### SUPPLIED DATA

.....

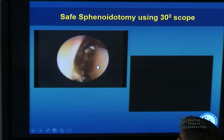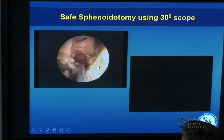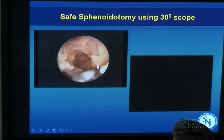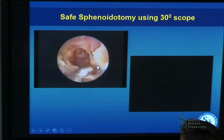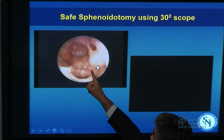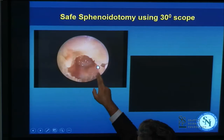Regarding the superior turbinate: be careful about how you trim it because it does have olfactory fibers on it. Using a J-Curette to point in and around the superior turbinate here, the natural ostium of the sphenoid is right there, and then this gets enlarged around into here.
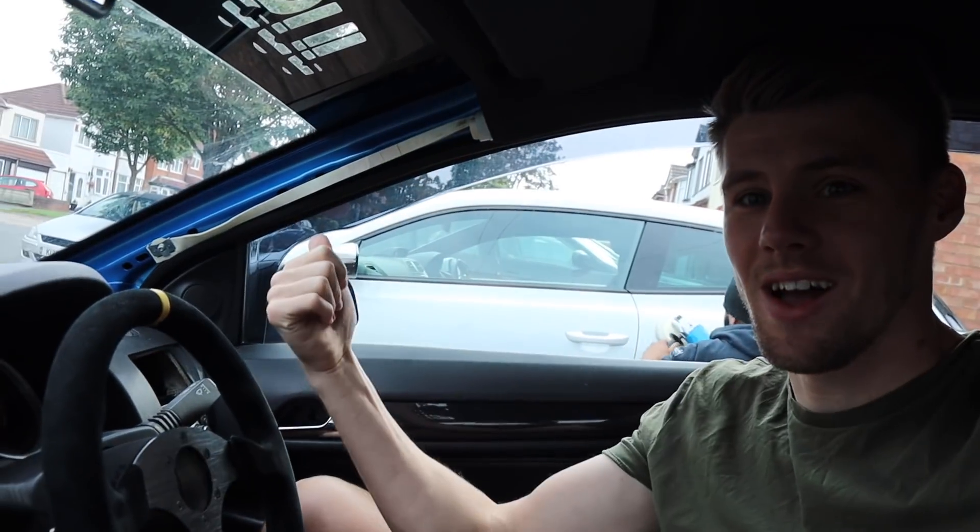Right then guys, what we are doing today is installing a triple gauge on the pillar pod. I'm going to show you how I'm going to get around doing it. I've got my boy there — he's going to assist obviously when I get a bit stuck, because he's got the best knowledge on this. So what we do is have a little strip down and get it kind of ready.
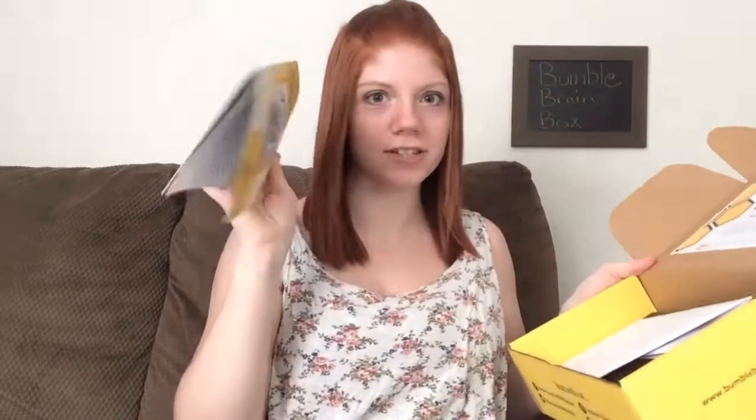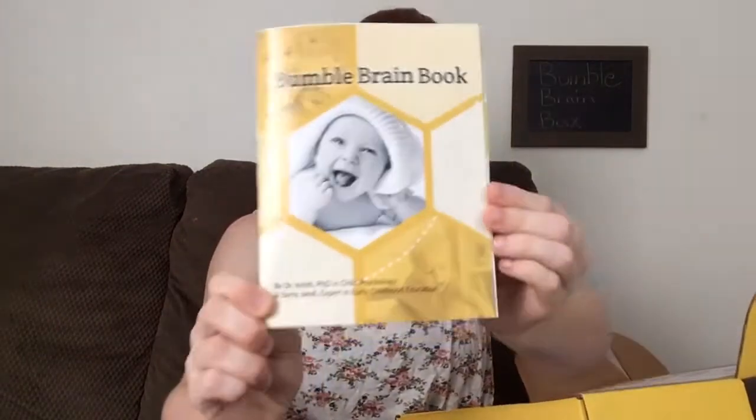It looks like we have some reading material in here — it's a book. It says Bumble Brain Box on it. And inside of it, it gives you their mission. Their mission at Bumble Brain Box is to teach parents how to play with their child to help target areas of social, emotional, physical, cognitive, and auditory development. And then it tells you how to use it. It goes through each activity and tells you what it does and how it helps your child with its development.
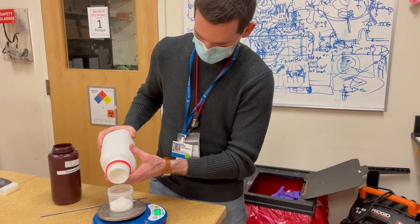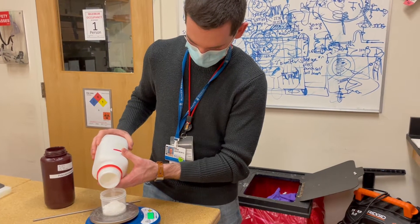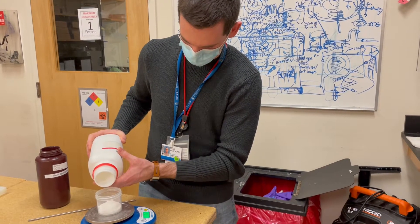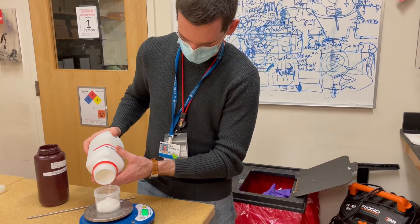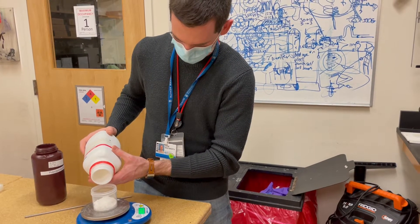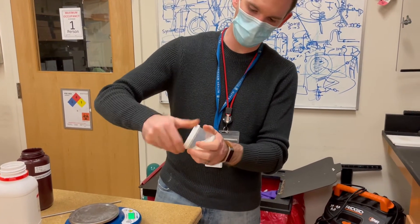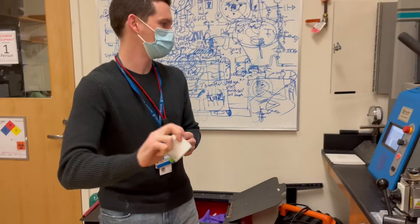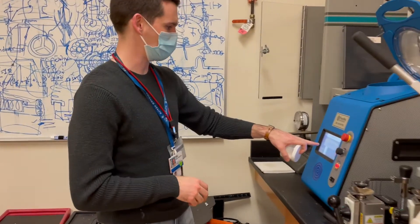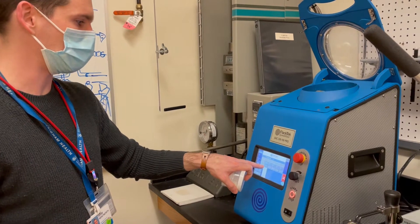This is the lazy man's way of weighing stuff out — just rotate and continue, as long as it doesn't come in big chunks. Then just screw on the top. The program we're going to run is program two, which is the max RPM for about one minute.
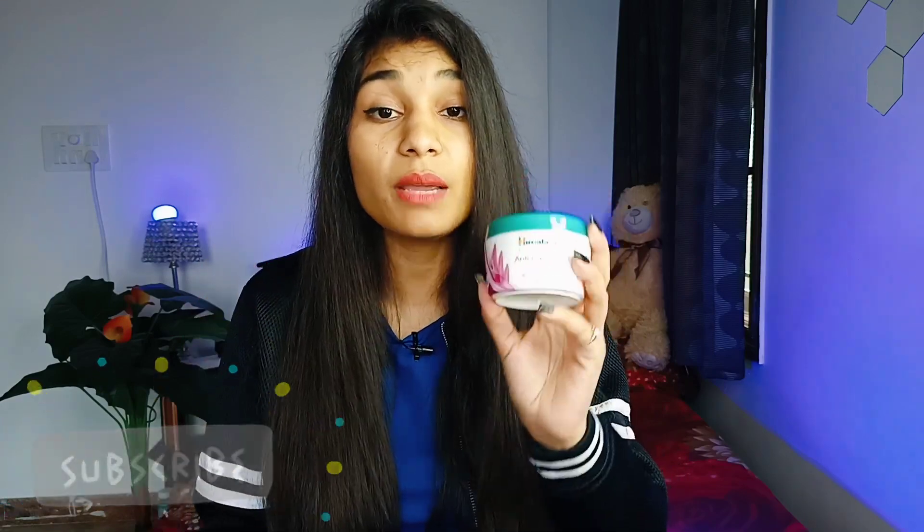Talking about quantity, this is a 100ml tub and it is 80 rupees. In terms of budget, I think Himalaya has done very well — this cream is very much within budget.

.....

### WHAT YOU ARE ASKED TO DO
Output the data above exactly, beginning at its first line and ending with the line that holds "Right then guys, what". Leave out the pictures and add nothing.

### SOLUTION TO THIS TASK
Regarding the superior turbinate: be careful about how you trim it because it does have olfactory fibers on it. Using a J-Curette to point in and around the superior turbinate here, the natural ostium of the sphenoid is right there, and then this gets enlarged around into here.
Right then guys, what we are doing today is installing a triple gauge on the pillar pod. I'm going to show you how I'm going to get around doing it. I've got my boy there — he's going to assist obviously when I get a bit stuck, because he's got the best knowledge on this. So what we do is have a little strip down and get it kind of ready.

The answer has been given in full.